Muammar Gaddafi’s body has been buried in secret after being displayed in public, in an ignominious end for Libya’s longtime ruler.
The last top figures of his ousted regime, Gaddafi’s son Saif al-Islam and former intelligence chief Abdullah al-Senussi, meanwhile, were poised to cross the border into Niger.
Saif al-Islam was “near the Niger border, he hasn’t entered Niger yet but he’s close”, a local official from the northern Niger Agadez region said.
A Misrata military council member said Gaddafi was buried on Monday night in a religious ceremony, along with another of his sons, Mutassim and former defence minister Abu Bakr Yunis Jaber.
The bodies had been put on display in a market freezer on the outskirts of Misrata, with thousands of Libyans queuing up since Friday to view and photograph them.
According to guards at the entrance to the market, a convoy of four or five military vehicles took the bodies away to an unknown location, being kept secret to avoid the site turning into a rallying point for Gaddafi supporters.
Three Muslim religious figures loyal to the ousted dictator prayed and performed a religious ceremony before the burial, according to the military council member.
The overnight burials come amid raging controversy over the circumstances of Gaddafi’s death after he was taken alive last Thursday during the fall of his hometown Sirte, the last hold out after an eight-month armed revolt.
Libya’s interim leader Mustafa Abdel Jalil said on Monday that a commission of inquiry is to probe the strongman’s killing after concerns raised by foreign governments and rights group.

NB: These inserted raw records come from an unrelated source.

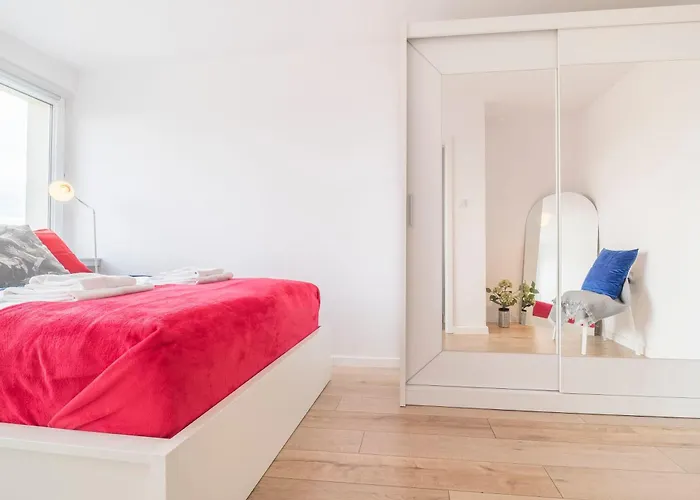 Apartmán Legnicka Close To The Center Of By Rent Like *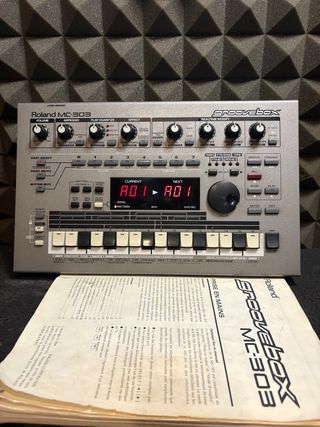 Roland MC-303 Groovebox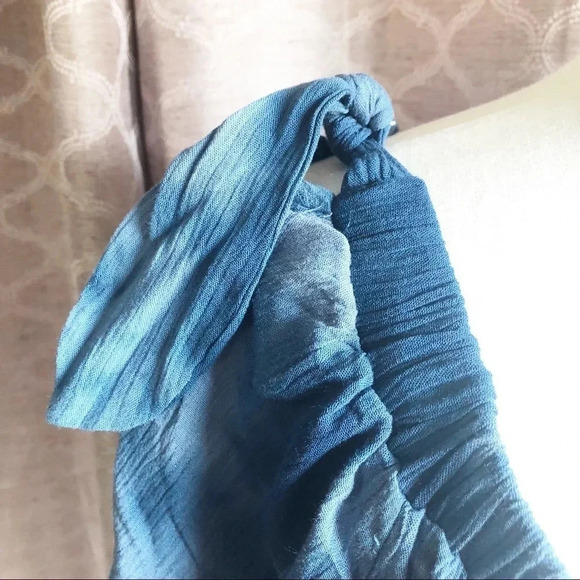 Blue tie dye off the should top - Picture 2 of 4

Disquiet has grown internationally over how Gaddafi met his end after NTC fighters hauled him out of a culvert where he was hiding following NATO air strikes on the convoy in which he had been trying to flee his falling hometown.
Mobile phone videos show him still alive at that point.
Libya’s interim prime minister Mahmud Jibril has said an autopsy report showed Gaddafi was killed in “crossfire from both sides.”
On the political and military front, the NTC said it wants NATO to extend its mission in the north African country.
“I ask NATO to remain at least for another month,” said interim oil and finance minister Ali Tarhuni, four days after the military alliance announced plans to end its seven-month mission on October 31.
North Atlantic Treaty Organisation ambassadors are scheduled to meet on Wednesday to make a formal decision on a preliminary agreement on the end of the mission.
Meanwhile a fuel tank exploded in Sirte late on Monday killing more than 100 people, NTC military commander Leith Mohammed said.
“There was an enormous explosion and a huge fire. More than 100 people were killed and 50 others wounded,” he said. The scene was “a heart wrenching spectacle with dozens of charred bodies”.
The accidental explosion, apparently caused by a spark from a nearby electricity generator, happened as a crowd of people waited near the fuel tank to fill up their cars.
Some of the victims had returned to the town to inspect the damage to their properties, the NTC commander added.
Some of Sirte’s residents, who numbered 120,000 before the conflict, have returned to salvage the remains of their personal belongings. But few are expected to stay.